Waitara’s Strange Street was named after an Irish soldier killed during the First Taranaki War.

Thomas George Strange was born on 5 February 1826 in County Kerry. His father, Thomas Senior, had been a Lieutenant in the Royal Navy before his tragic death, crushed between two coaches near Stonehenge. He left behind his half-Indian wife Elizabeth and five small children.

Young Thomas arrived in New Zealand in 1852 with the 65th Regiment of the British Army, nicknamed the Royal Tigers and known by Māori as the Hickety Pips. Strange was sent to Taranaki on 30 March 1860, barely a fortnight after the First Taranaki War broke out. He was involved in General Thomas Pratt’s campaign to sap and bombard Huirangi pā, one of three fortresses on the western side of the Waitara River.

Strange was killed around 10am on 10 February 1861 at Number 7 Redoubt. He was shot in the thigh and bled to death “after several hours of agony”, the Taranaki Herald describing him as a “brave, zealous and efficient officer”. An uneasy truce was declared between Imperial forces and local iwi just five weeks after Strange’s death.

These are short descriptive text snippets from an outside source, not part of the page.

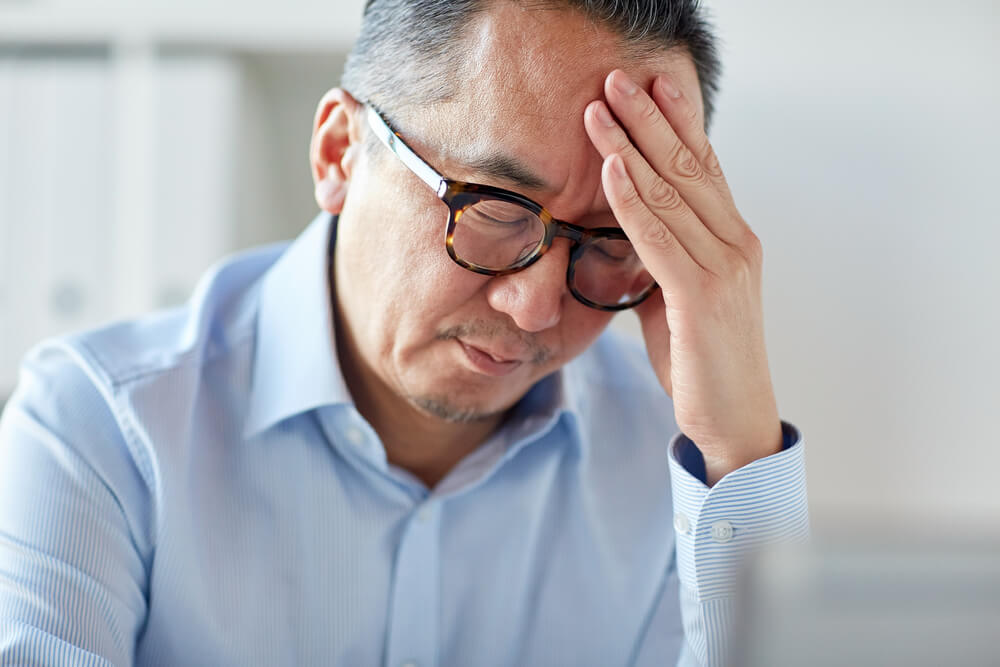 tired businessman in eyeglasses suffering from headache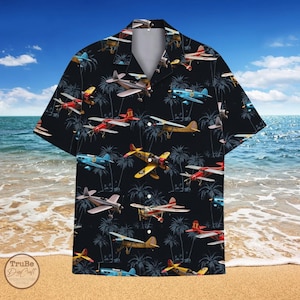 May include: A black button-up shirt with a tropical print featuring vintage airplanes and palm trees. The shirt has a relaxed fit and short sleeves.
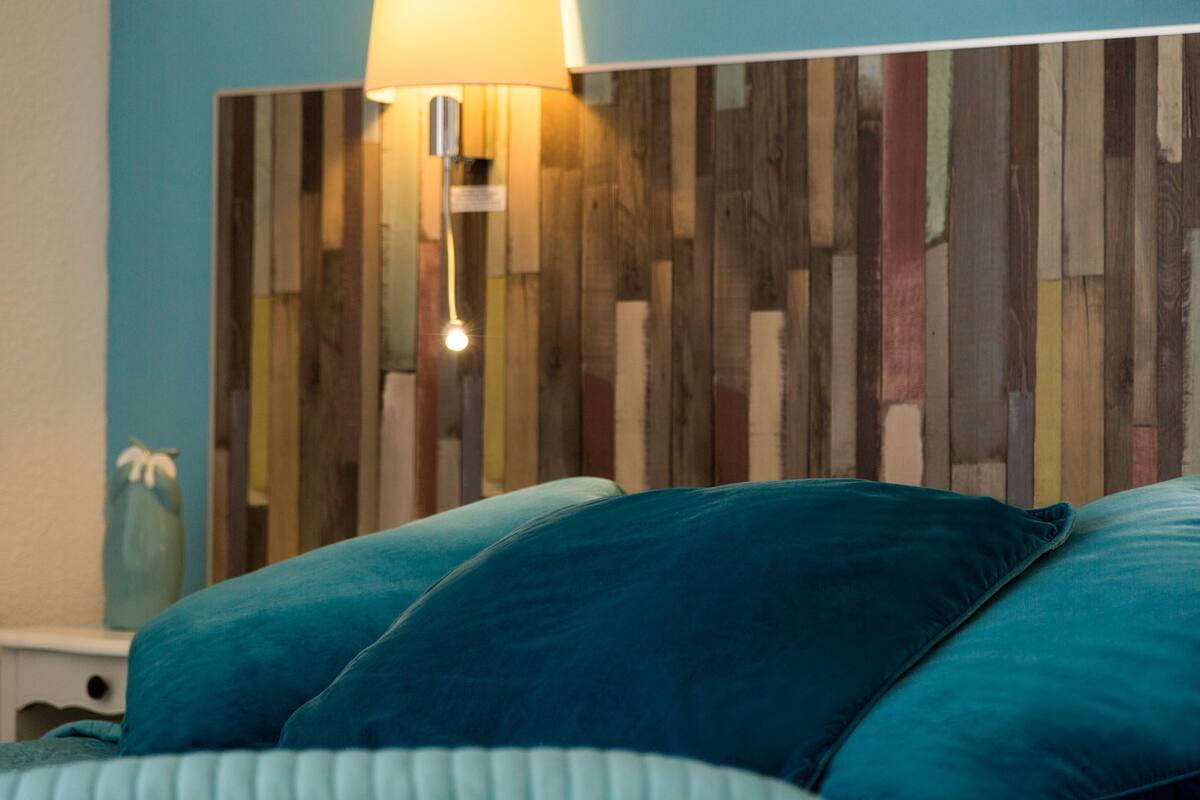 A bedroom with a wooden headboard, a bedside lamp, and teal bedding.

Thomas had married Martha Anne Sillery in Auckland in 1859. Martha was the daughter of Lieutenant Colonel Charles Sillery, a fellow Irishman who also served in Taranaki. After her husband’s death the young widow returned to Britain where she died ten years later, having never remarried.

Thomas Strange was buried in the churchyard of St Mary’s in New Plymouth on 12 February 1861, the day after his death. His funeral was held with full military honours, despite wind and rain, with a procession of fellow soldiers carrying his corpse, a firing party of 100 men and two army bands in attendance. His cousin, another Captain Strange from the 14th Regiment, and his father-in-law were among the chief mourners. The inscription on his gravestone says that it was erected by his “brother officers by whom he was much beloved”.